特訓とは、およそ6キロの道程を速足で散歩をするという二人だけの
秘密のトレーニングである。 活動量の多い我が家の一人娘、その欲求を
満たさんが為、飼い主が背負わされた十字架でもある。
私が握る綱から、彼女のやる気が伝わる。私も負けてはいられない。
股関節を意識して動かし、できるだけの大股でストライドを伸ばしていく。
やはり、運動好きの犬種だ。 私は鼻の頭に沸いた汗の粒が大きく成長していくのを
自覚しながら、それを拭かせないほどの勢いの濁流に飲まれながら
2キロを進んだ。 いや、2キロ流された、と言った方が正しかっただろう。
ふと、ピカ(愛犬の名である)の足が止まった。
場所まさに「京葉道路 穴川インター入口」。
千葉市では知らない者のない、渋滞のメッカである。
高速道路の入り口のため、車の往来はとてつもなく激しい。
また、歩行者のために歩道橋が設置されてはいるが、歩行者自体があまりいないため、
手すりには蔦がからまり、増長した雑草は床を覆わんばかりに権勢を誇っている。
彼女は車の激しい交差はあまり好まない。
音や振動にどちらかと言えば臆病になる質である。
とはいえ、今までの特訓では歩きたいという欲求がはるかに自身の本質を
上回っていた。
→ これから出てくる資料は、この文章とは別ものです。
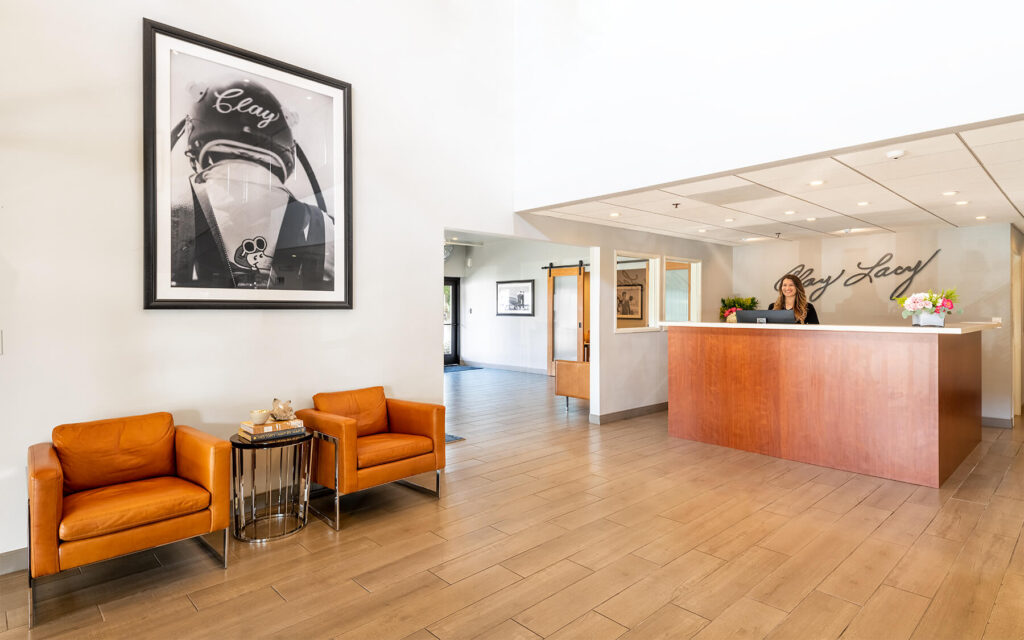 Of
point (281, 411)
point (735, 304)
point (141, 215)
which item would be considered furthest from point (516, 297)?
point (141, 215)

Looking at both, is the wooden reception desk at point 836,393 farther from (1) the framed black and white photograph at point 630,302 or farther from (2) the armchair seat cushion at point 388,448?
(2) the armchair seat cushion at point 388,448

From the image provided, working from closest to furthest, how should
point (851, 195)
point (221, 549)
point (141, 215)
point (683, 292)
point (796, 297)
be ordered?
point (221, 549)
point (141, 215)
point (851, 195)
point (796, 297)
point (683, 292)

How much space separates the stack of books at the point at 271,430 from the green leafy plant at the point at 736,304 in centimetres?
633

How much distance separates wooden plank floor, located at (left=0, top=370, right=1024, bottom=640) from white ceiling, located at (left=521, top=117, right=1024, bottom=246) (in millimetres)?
2447

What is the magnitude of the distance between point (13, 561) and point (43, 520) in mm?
984

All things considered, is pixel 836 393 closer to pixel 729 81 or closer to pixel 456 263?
pixel 729 81

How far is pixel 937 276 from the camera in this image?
7121mm

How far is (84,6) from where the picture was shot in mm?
3342

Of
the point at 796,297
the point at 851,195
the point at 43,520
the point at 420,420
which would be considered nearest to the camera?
the point at 43,520

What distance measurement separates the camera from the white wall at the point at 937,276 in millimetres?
6715

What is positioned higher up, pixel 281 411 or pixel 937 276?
pixel 937 276

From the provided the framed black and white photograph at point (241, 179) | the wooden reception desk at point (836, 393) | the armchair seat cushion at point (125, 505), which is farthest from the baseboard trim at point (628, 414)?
the armchair seat cushion at point (125, 505)

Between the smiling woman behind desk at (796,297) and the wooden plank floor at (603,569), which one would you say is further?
the smiling woman behind desk at (796,297)

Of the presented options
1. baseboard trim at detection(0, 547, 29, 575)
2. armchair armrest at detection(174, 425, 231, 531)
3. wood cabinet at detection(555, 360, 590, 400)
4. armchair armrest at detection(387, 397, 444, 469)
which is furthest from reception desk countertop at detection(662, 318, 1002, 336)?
baseboard trim at detection(0, 547, 29, 575) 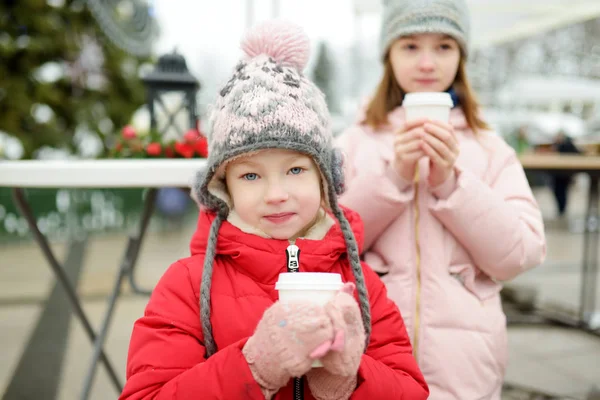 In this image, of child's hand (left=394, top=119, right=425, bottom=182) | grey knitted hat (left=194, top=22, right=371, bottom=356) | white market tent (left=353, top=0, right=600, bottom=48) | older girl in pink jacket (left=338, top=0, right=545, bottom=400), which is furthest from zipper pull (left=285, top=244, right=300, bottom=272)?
white market tent (left=353, top=0, right=600, bottom=48)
歩道橋も2段飛ばしと言わんばかりに上がっていたものだ。
「おや?」
さすがに、3歳ともなると疲れやすくなるのかもしれない。
おやつを欲しているのかとも思い、差し出してみたがそれもあまり乗り気では
ないようだ。
今回の特訓は2キロで終了。
ダルそうな体を抱っこして今回の特訓は終了となった。
その時はそう思った。 その後の事も知らずに...。